Enfin, le départ pour le Fort d’Ivry où devait avoir lieu l’exécution, fut donné sous une pluie battante et une escorte digne d’un chef d’Etat. Oui, c’était bien celle d’un chef d’Etat, dans son triomphe… La gendarmerie, chargée de livrer le condamné au peloton d’exécution avait fait grandement les choses : Une escorte de trente motos, trois petits cars bourrés d’effectifs armés pour s’intercaler entre les divers véhicules du cortège et celui chargé de transporter le condamné avec une garde de huit gendarmes. Comme en Algérie lors de la lutte contre l’OAS, la gendarmerie demeurait toujours le pilier du régime gaulliste…
Oui, ce condamné qui, au procès, avait traité de Gaulle d’égal à égal et l’avait assigné au Tribunal de Dieu et de l’histoire, comme renégat à la parole donnée, aux serments les plus solennels et sacrés, ce condamné, là, était bien un chef d’Etat.
Arrivé sur les lieux de son exécution, Bastien-Thiry marcha vers le poteau en égrenant son chapelet, le visage calme et serein, même joyeux. « Il semblait enveloppé d’une auréole » diront les témoins oculaires. Puis, comme le Lieutenant Degueldre, il refusa qu’on lui bande les yeux, voulant regarder la mort « en face » avant de pouvoir contempler ensuite la Vie Eternelle.
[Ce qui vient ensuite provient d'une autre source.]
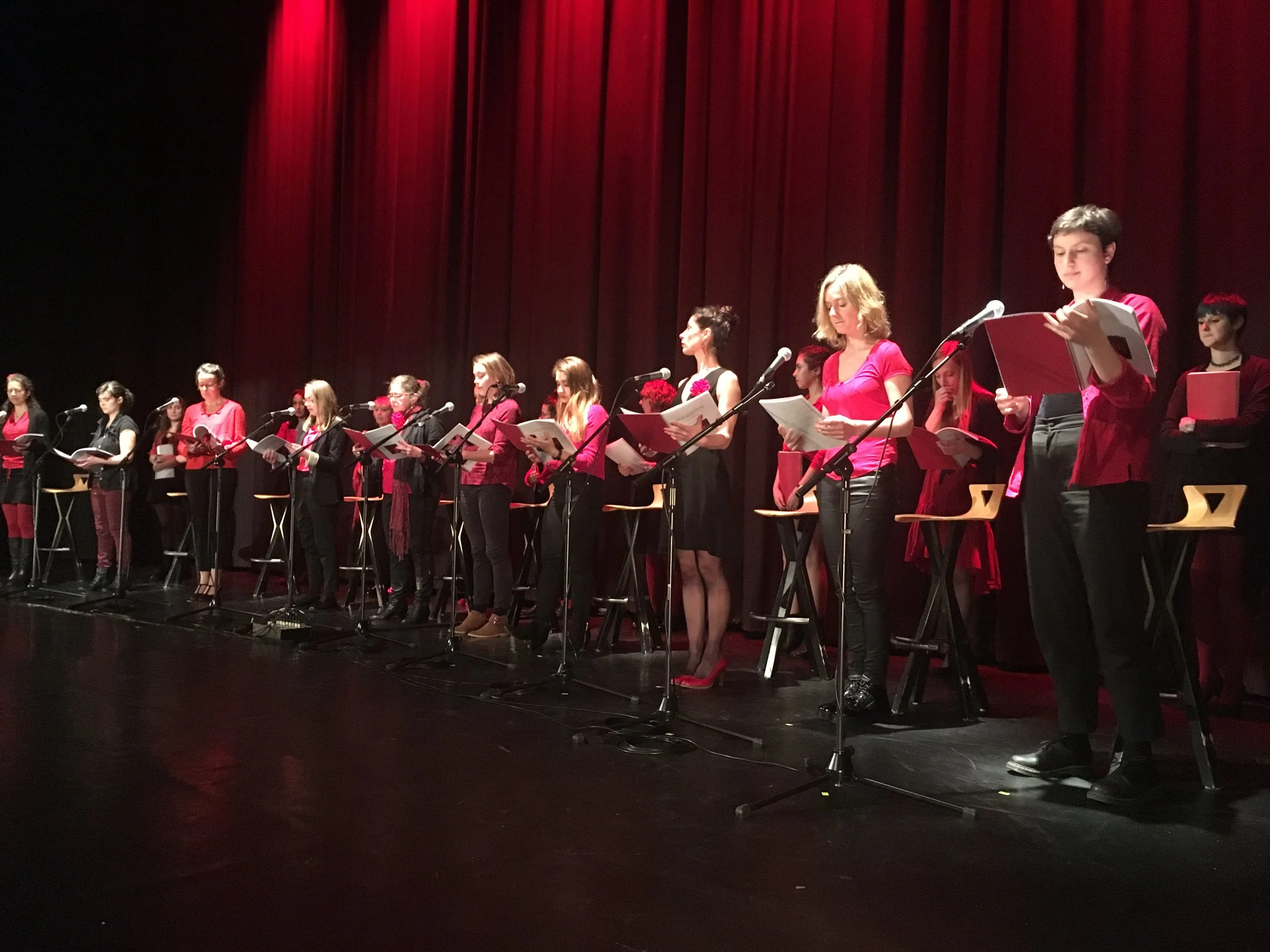 Les Monologues du vagin à l'Université de Lille 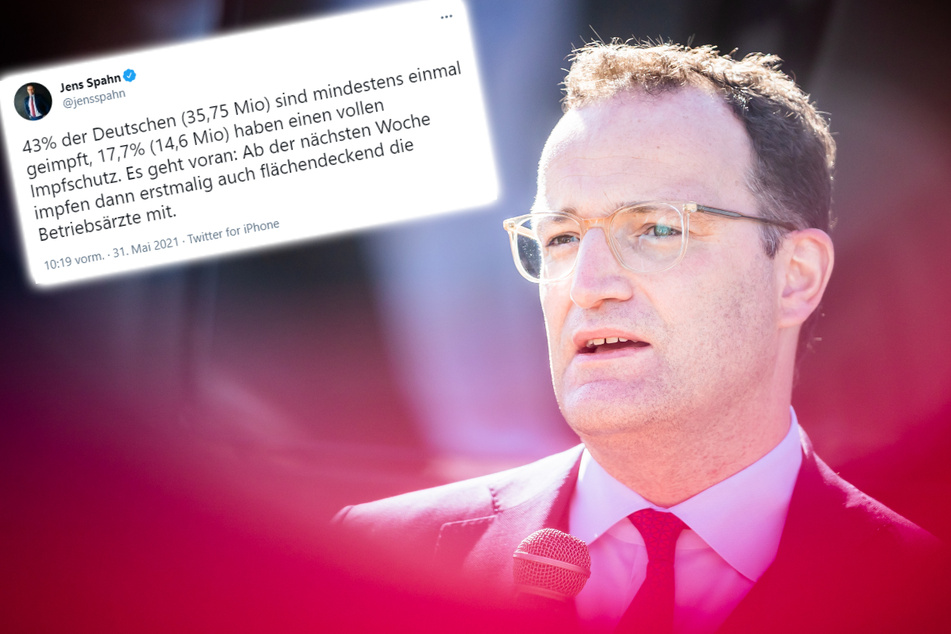 Spahn verkündet Impferfolg: So viele haben bereits den vollen Schutz vor Corona
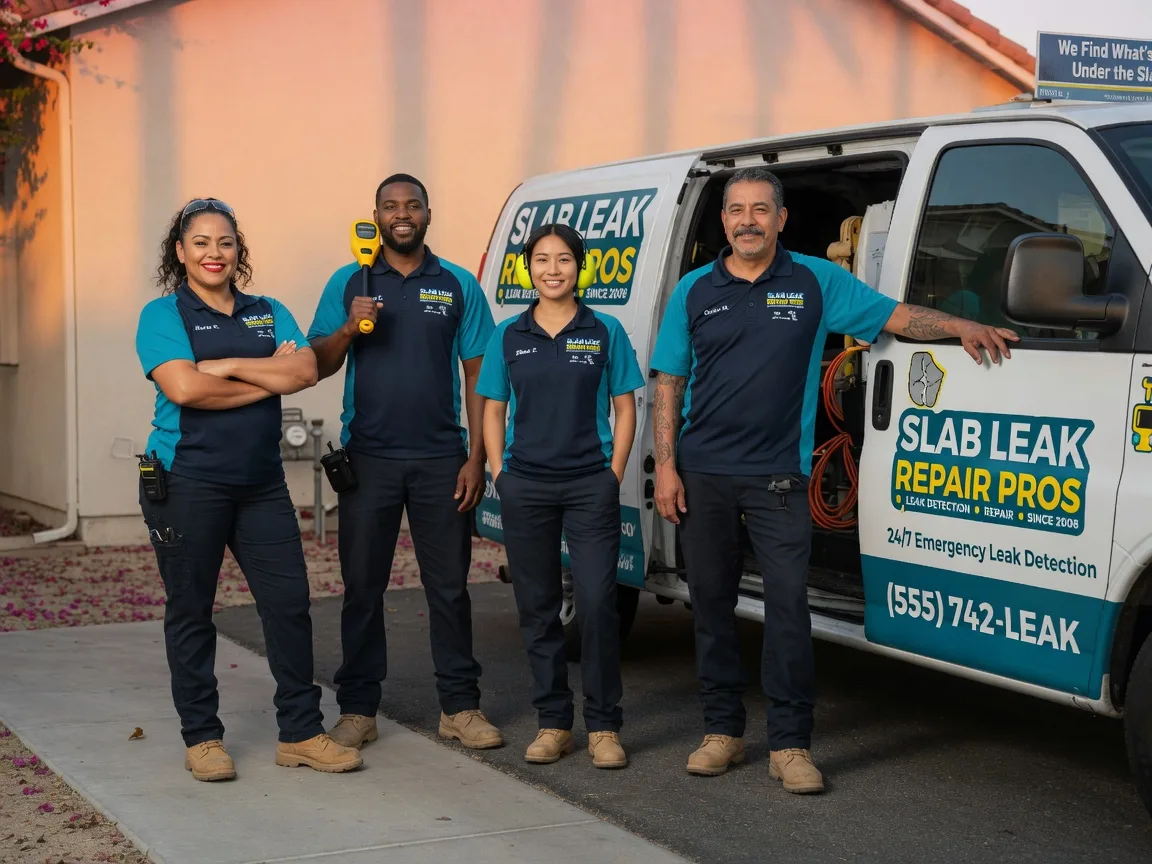 Slab Leak Repair company in Eureka, KS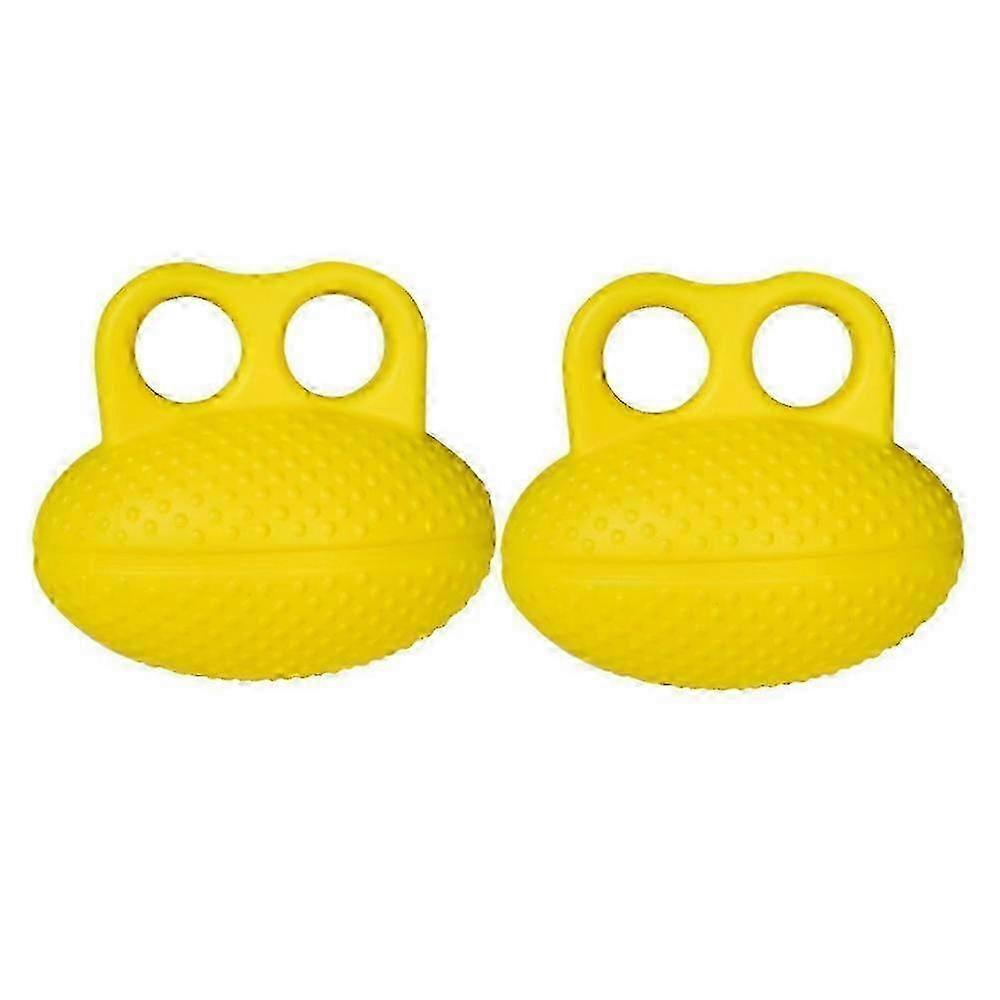 Elastic PU Hand Exerciser Egg Ball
Avant la salve, il ne cria pas « Vive la France ! » mais pria pour elle et pour ceux qui allaient le tuer. Il était tout illuminé des illusions radieuses de ceux qui vont mourir, et, tout haut, dans le ciel écrasant de cette solitude, sa voix qui s’élevait, s’élevait, répétait ces mots éternels de la mort : « Geneviève, Hélène, Odile, Agnès… au revoir… au revoir dans le ciel ! ». Les témoins le virent alors se transformer au point que son visage, où ne subsistait aucune trace des passions du monde, se modifia. Et lorsqu’il fut mort, après que la salve eut déchiré l’aube naissante, son visage était « celui d’un enfant, doux et généreux », rapporta, bouleversé, Maître Bernard Le Corroller, en ajoutant : « Bastien-Thiry a vécu pour Dieu, pour sa patrie : Il est mort au service de Dieu et de sa patrie. C’est désormais un martyr ».
De Gaulle, une fois de plus, confirmait qu'il n'avait de l'homme que l'apparence, et qu'en fait tout ce qui était humain lui était indifférent.
Ainsi mourut pour son idéal, le Rosaire au poignet, le Colonel de l’Armée de l’air, Jean Bastien-Thiry, trente cinq ans, polytechnicien, ingénieur de l’aviation militaire, père de trois petites filles. Il fut inhumé au cimetière de Thiais, « carré des suppliciés », à la sauvette (comme ces voleurs pendus jadis à Montfaucon que l'on entassait dans les fosses communes), dans un trou hâtivement creusé dans la glaise, entouré d’arbustes dénudés, frêles et désolés, comme le fut ce 11 mars 1962. A 6h42, la pluie cessa et un brouillard épais s’insinua jusque dans les tombes et le cœur de bon nombre d’exilés était triste, triste cette aube d’hiver, aube sans bruit, sans chant, sans lune et sans étoiles.
Jean Bastien-Thiry repose aujourd’hui au cimetière de Bourg la Reine (92340).